The Pence administration is calling for a review of the Indiana tax code. The top goals are to simplify the code and to promote economic development. But another worthy goal, one that would boost the Indiana economy, is missing.
First, if the government is going to take our money, then it should do so as gently as possible. The U.S. income tax code is notoriously burdensome in terms of the billions of hours and dollars required to complete the paperwork. Governments will tax our money, but they shouldn’t unnecessarily tax our time, too.
Second, all things equal, fiscal and regulatory policies should minimize the damage to the economy and increase the possibilities of economic development. It is important for policymakers to strive for this goal.
But while Indiana’s leaders are looking at tax reform, they should achieve one other goal: eliminating the income-tax burden on working poor households.
These days, it is common to make loud, but vague complaints about the “gap between the rich and the poor.” Related to that, it is popular to advocate a higher minimum wage.

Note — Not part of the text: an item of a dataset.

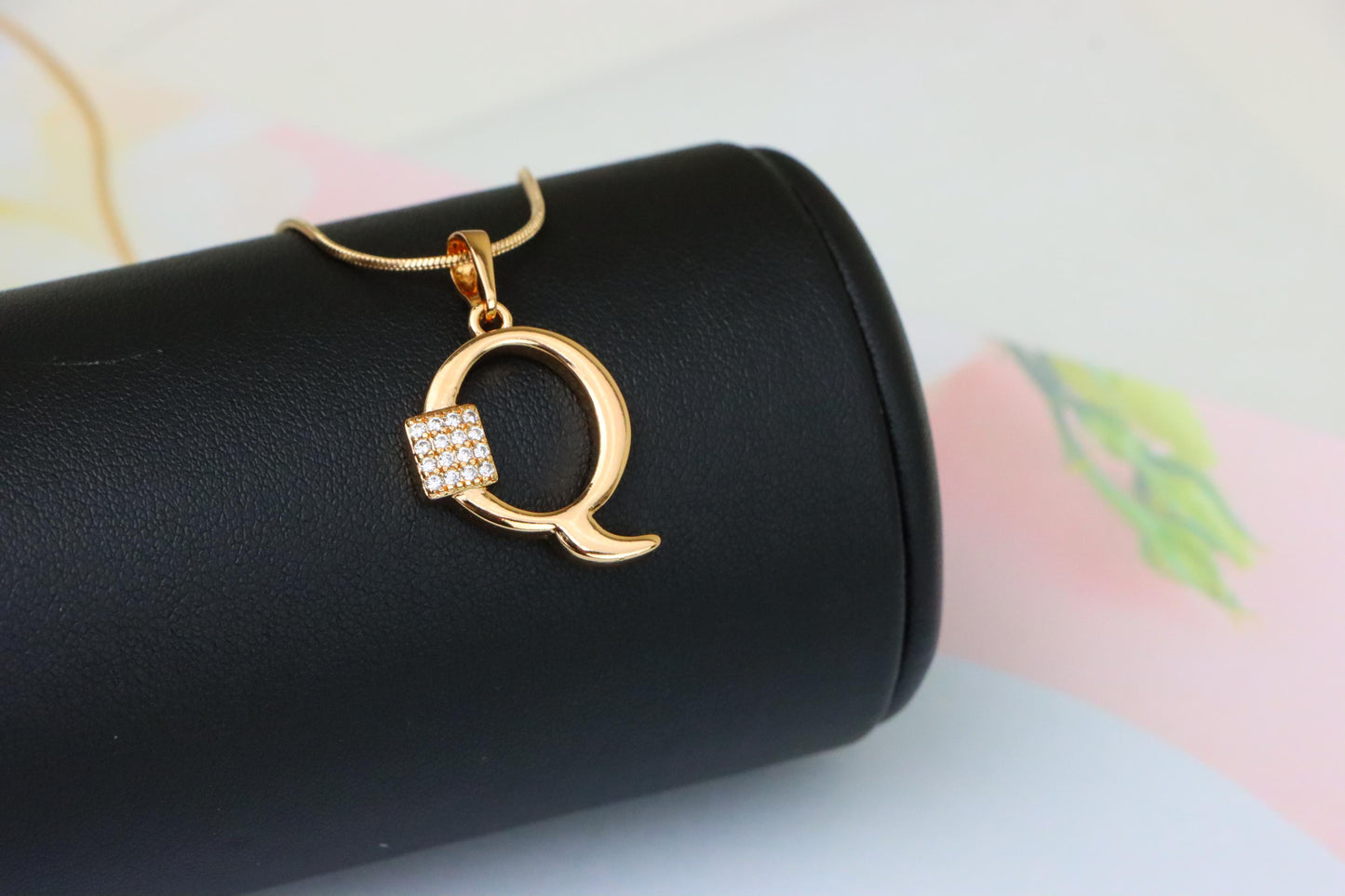 Rose Gold Q Letter Pendant with CZ Detailing, XPPT1428 (2136-1)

But a higher minimum is a mixed bag. To name two reasons among many: First, the minimum wage has both benefits and costs. By artificially increasing the price of less skilled, it will be less attractive to firms. Depending on the context, firms may respond by increasing prices to consumers or reducing other forms of compensation (e.g., free uniforms, discounts on product). But if these are not sufficient, firms will eliminate jobs.
It’s a shame to help some vulnerable people by harming other vulnerable people. This hurts those who lose jobs – short term and then long term, by taking away their opportunities to build skills, cutting off the first few rungs of the economic ladder that would allow them to move to the middle class.